Benjamin Labatut. Penguin Press, Oct. 3 ($28, ISBN 978-0-593-65447-7)

Chilean writer Labatut, author of the International Booker–shortlisted When We Cease to Understand the World, unspools a story involving Hungarian polymath John von Neumann and the roots of AI.

My Work

Olga Ravn, trans. by Jennifer Russell. New Directions, Sept. 4 ($18.95, ISBN 978-0-8112-3471-9)

Danish writer Ravn returns after the speculative workplace novel The Employees with a hefty mixed-genre meditation on birth, motherhood, and writing.

Tom Lake

Ann Patchett. Harper, Aug. 1 ($30, ISBN 978-0-06-332752-8)

Set in Northern Michigan in the spring of 2020, Patchett’s latest centers on a woman and her three adult daughters as they pepper her with questions about her past during a visit home.

The Unsettled

Ayana Mathis. Knopf, Oct. 24 ($29, ISBN 978-0-525-51993-5)

In another long-awaited return, Mathis follows up 2012’s The Twelve Tribes of Hattie with the story of a family’s resilience after moving from Alabama to Philadelphia in the 1980s.

The Wren, the Wren

Anne Enright. Norton, Sept. 19 ($27, ISBN 978-1-324-00568-1)

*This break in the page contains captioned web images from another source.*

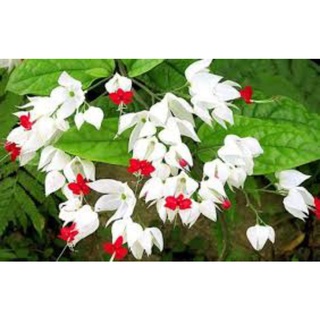 Cây giống hoa Ngọc nữ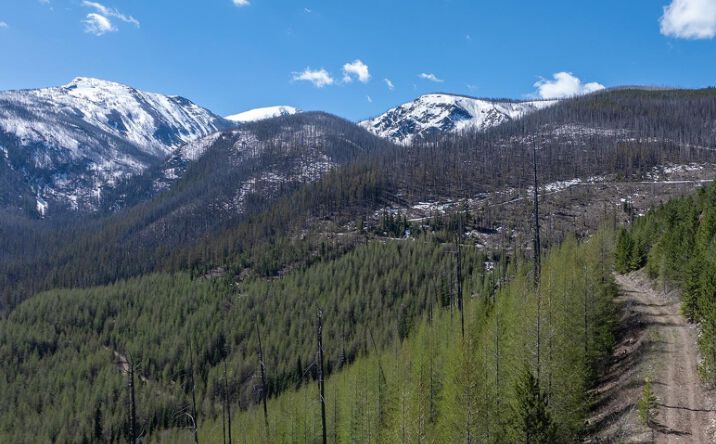 Pictures of Land property located at NKA, Lolo, MT 59847 for sales - image #1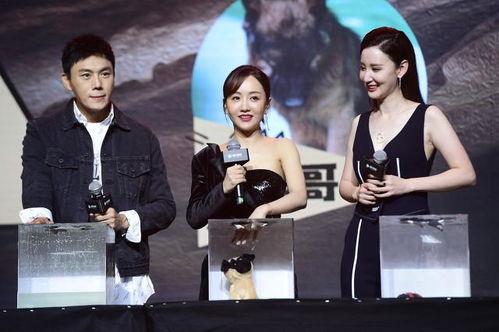 娱乐圈吃瓜爆料天选之人,揭秘天选之人的璀璨人生  第2张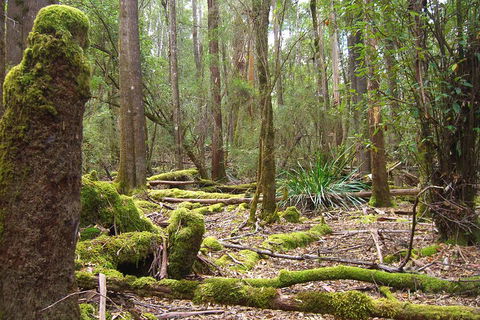 Mt Field National Park And Russell Falls From Hobart - Accommodation Rockhampton 5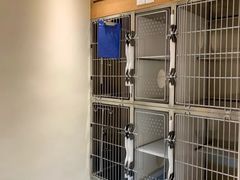 -御宝贝·A梦猫科宠物医院(国际猫友好医院)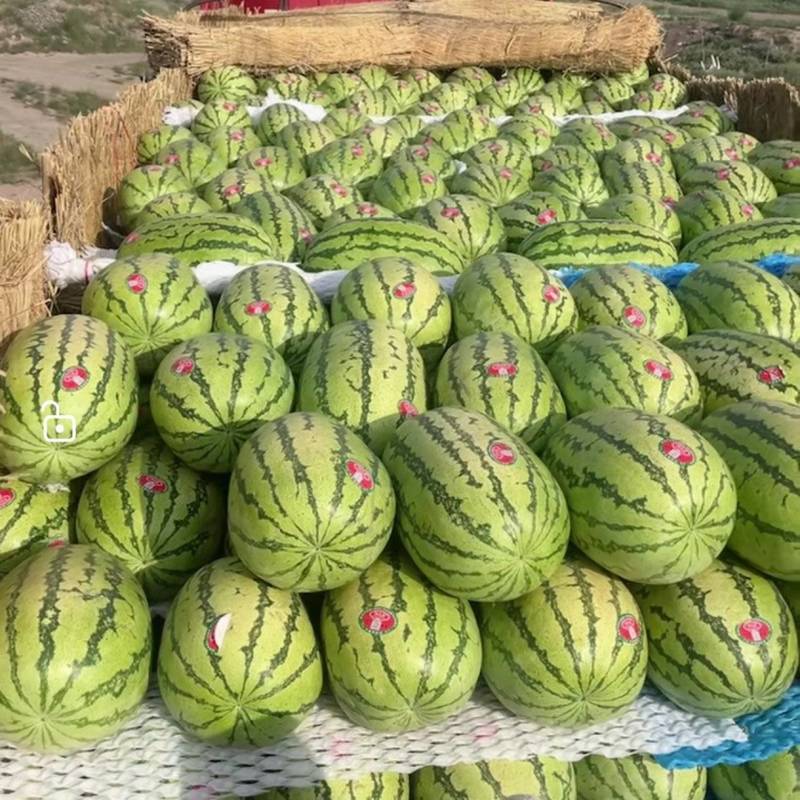 西瓜宁夏西瓜硒砂瓜金花六号石头瓜售后全包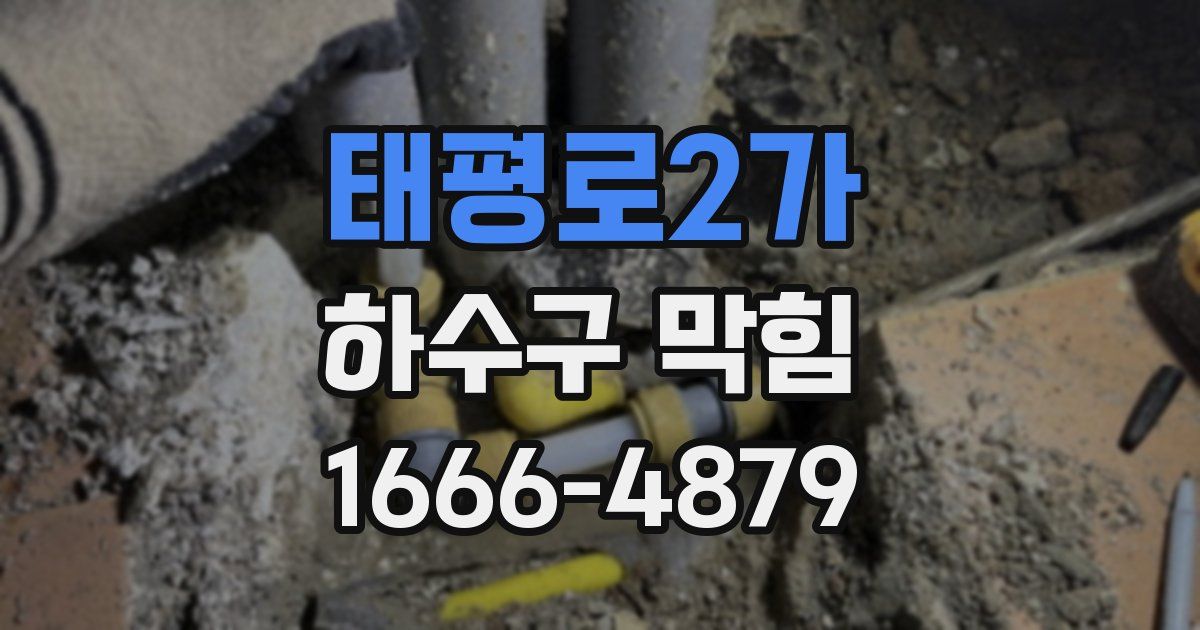태평로2가 하수구 막힘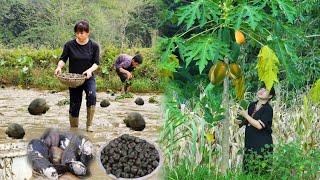 Harvesting dad's papaya garden & Snail to sell - a family meal for a rural farmer | Ly Thi Ly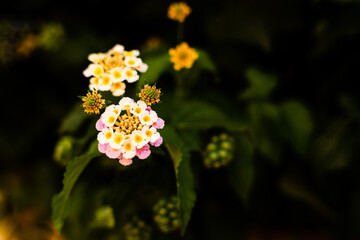fiori 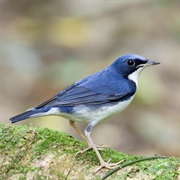 Siberian Blue Robin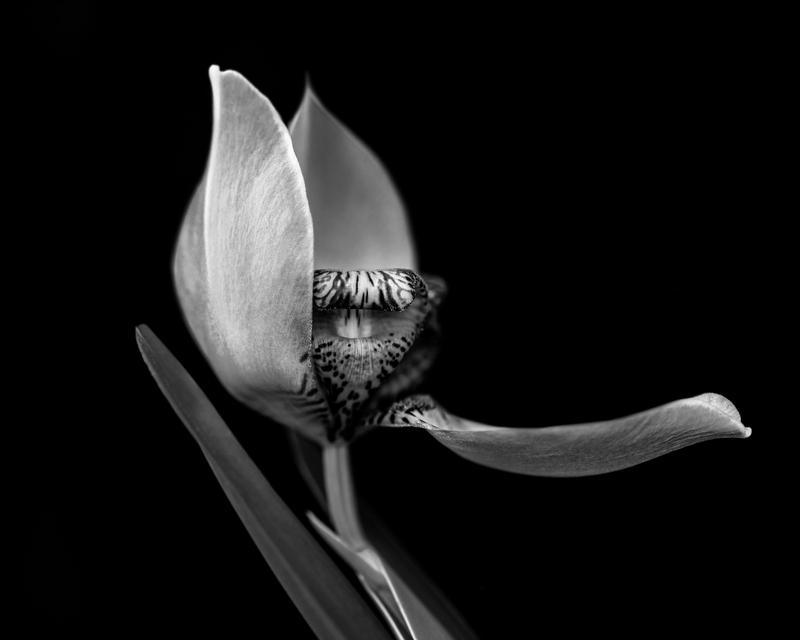 African Iris #2, 2023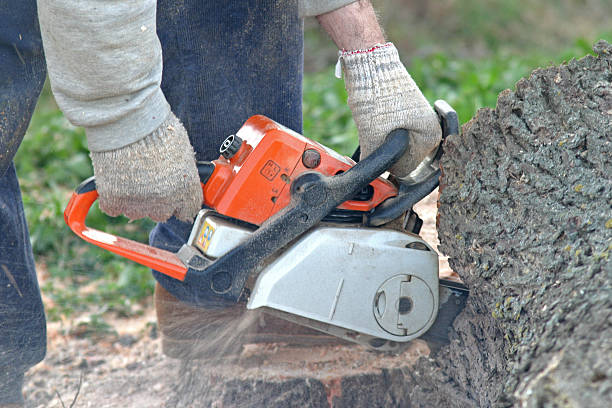 Reliable West Wyomissing, PA Tree Services Solutions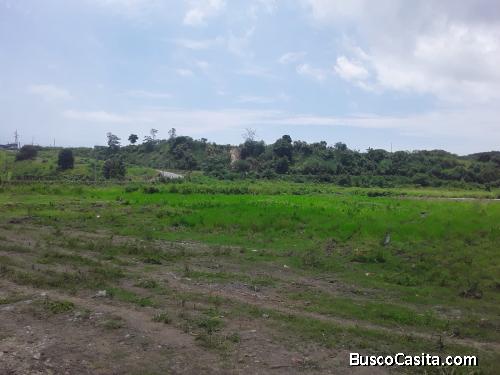 Venta de terrenos en vía principal, TACHINA-ESMERALDAS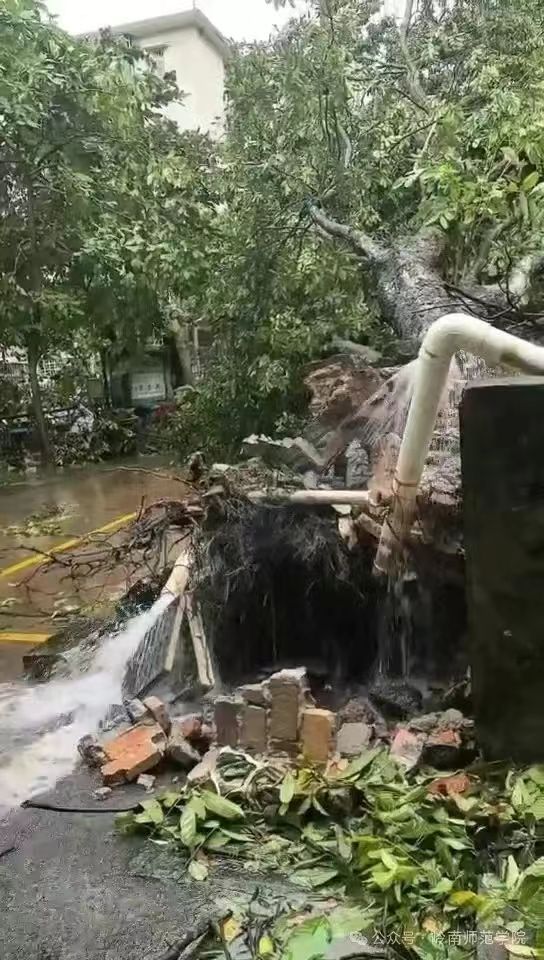 IMG_4697.JPG IMG_4697.JPG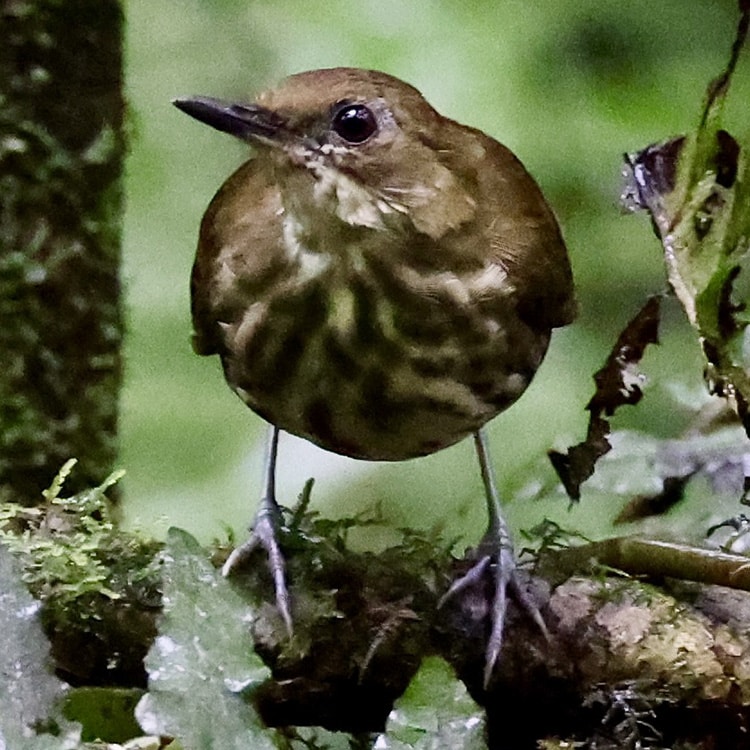 Tanzania birding endemics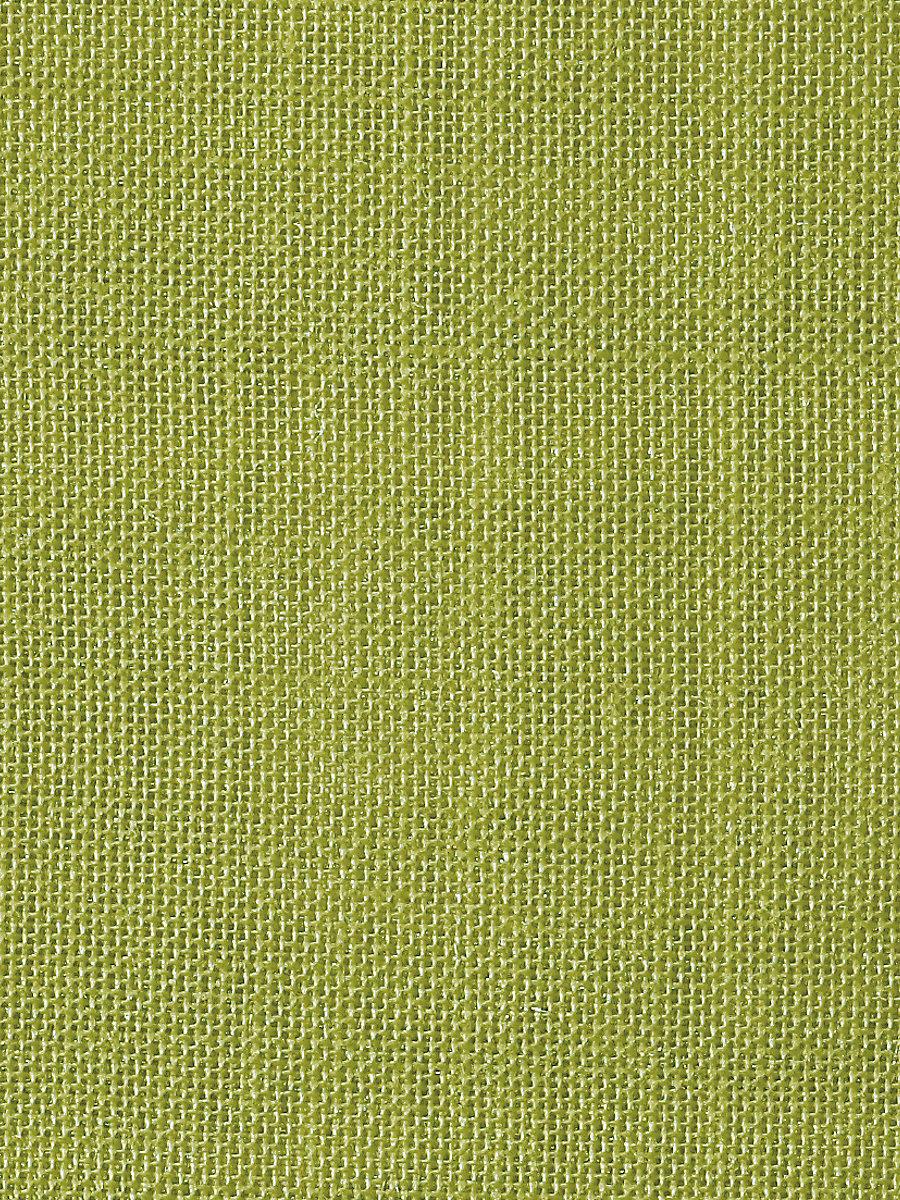 Scalamandre Alsara Kiwi Fabric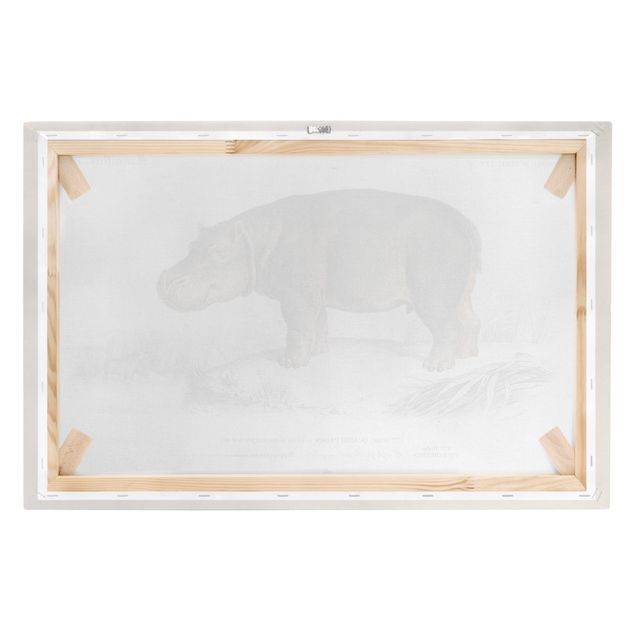 Lienzo vintage Vintage Board Hippo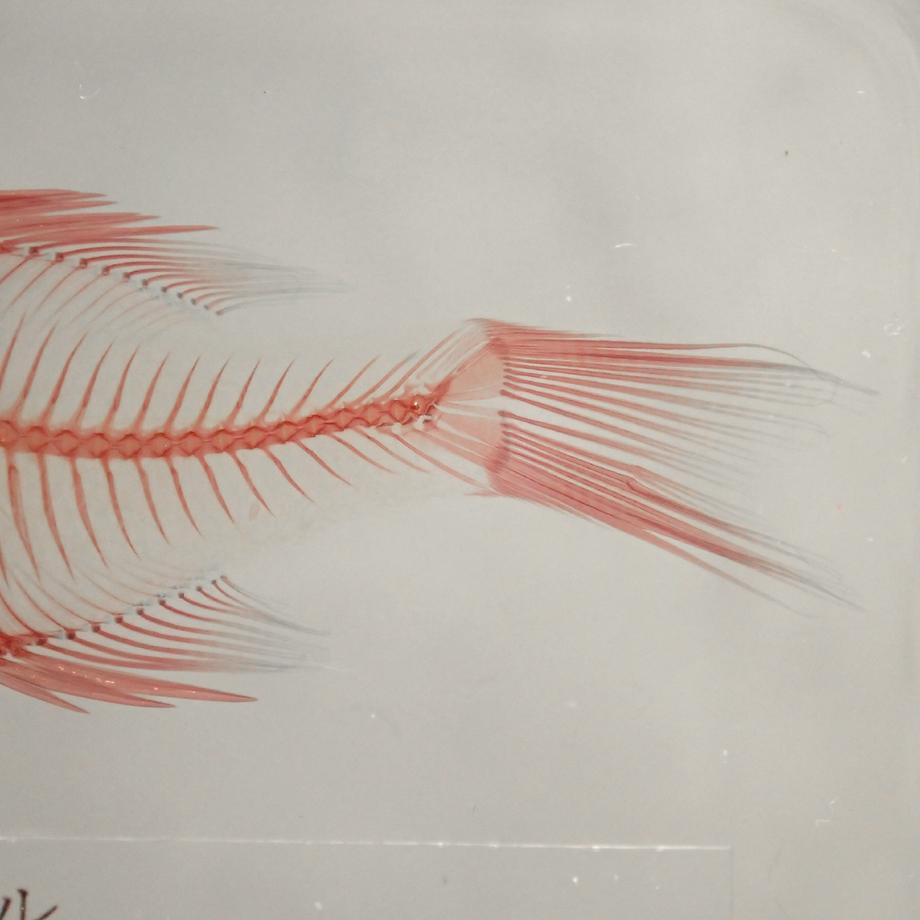 ブルーギル二重染色樹脂封入標本 M (木製標本箱入り) | 14枚目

A young writer, the descendant of a famous Irish poet, has a much different relationship with her maternal grandfather’s poems than her mother does, setting the stage for a story about great art by a perhaps not-so-great man.

Literary Fiction longlist

Algonquin

The New Naturals by Gabriel Bump (Nov. 14, $27, ISBN 978-1-61620-880-6). Bump’s sophomore novel is a tragicomedy of an underground Black utopia in western Massachusetts, where a young woman from Boston settles, hoping for a sense of community and a better life.

Astra House

Do You Remember Being Born? by Sean Michaels (Sept. 5, $27, ISBN 978-1-66260-232-0). An acclaimed 70-something poet of modest means takes up an unexpected new career with a tech company, where she collaborates with an AI program to write poetry.

Avid Reader

One Woman Show by Christine Coulson (Oct. 17, $25, ISBN 978-1-66802-778-3) follows up Coulson’s collection, Metropolitan Stories, with another book inspired by her work at the Metropolitan Museum of Art, this time a novel with a character portrait in the form of gallery wall text.

Ballantine

The Bookbinder by Pip Williams (Aug. 1, $28, ISBN 978-0-593-60044-3). After The Dictionary of Lost Words, Williams chronicles two sisters working as bookbinders in 1914 Oxford whose horizons are expanded as WWI draws the men away from home.

Berkley

All You Have to Do Is Call by Kerri Maher (Sept. 19, $28, ISBN 978-0-593-10221-3) draws on the true story of the Jane Collective, which helped women gain access to abortions before the Roe v. Wade decision.

Bloomsbury

The House of Doors by Tan Twan Eng (Oct. 17, $28.99, ISBN 978-1-63973-193-0). Malaysian writer Tan is back 11 years after the Booker Prize–shortlisted The Garden of Evening Mists with the tale of a married couple visited in 1921 Penang by author Somerset Maugham, who picks up on his friends’ unhappiness.

Catapult

The Book of Ayn by Lexi Freiman (Nov. 14, $27, ISBN 978-1-64622-192-9). In this satire, Ayn Rand becomes a source of inspiration for a disillusioned debut writer after her novel is dismissed by critics.

Coffee House

Nefando by Mónica Ojeda, trans. by Sarah Booker (Oct. 24, $17.95 trade paper, ISBN 978-1-56689-689-4) combines a morality tale with a deep dive into the gamer world, as a group of Barcelona artists gets sucked into a horror game called Nefando that blurs their sense of reality.

Counterpoint

The Premonition by Banana Yoshimoto, trans. by Asa Yoneda (Oct. 3, $24, ISBN 978-1-64009-371-3). Japanese writer Yoshimoto’s 1988 novel, translated for the first time, involves a young woman struck by an unsettling feeling about her childhood.

Crooked Media Reads

Mobility by Lydia Kiesling (Aug. 1, $28, ISBN 978-1-63893-056-3). The daughter of an American diplomat has written a novel about privilege and the Caspian Sea oil boom, centered on a teenage girl growing up with her foreign service family in 1998 Azerbaijan.

Doubleday

Normal Rules Don’t Apply: Stories by Kate Atkinson (Sept. 12, $28, ISBN 978-0-385-54950-9) is a thematically linked collection featuring protagonists as diverse as a queen, a secretary, and a gambler.

Ecco

Brooklyn Crime Novel by Jonathan Lethem (Oct. 3, $30, ISBN 978-0-06-293882-4) returns to the terrain of Lethem’s most celebrated work and covers five decades of a Brooklyn neighborhood’s economic upheaval and racial tensions.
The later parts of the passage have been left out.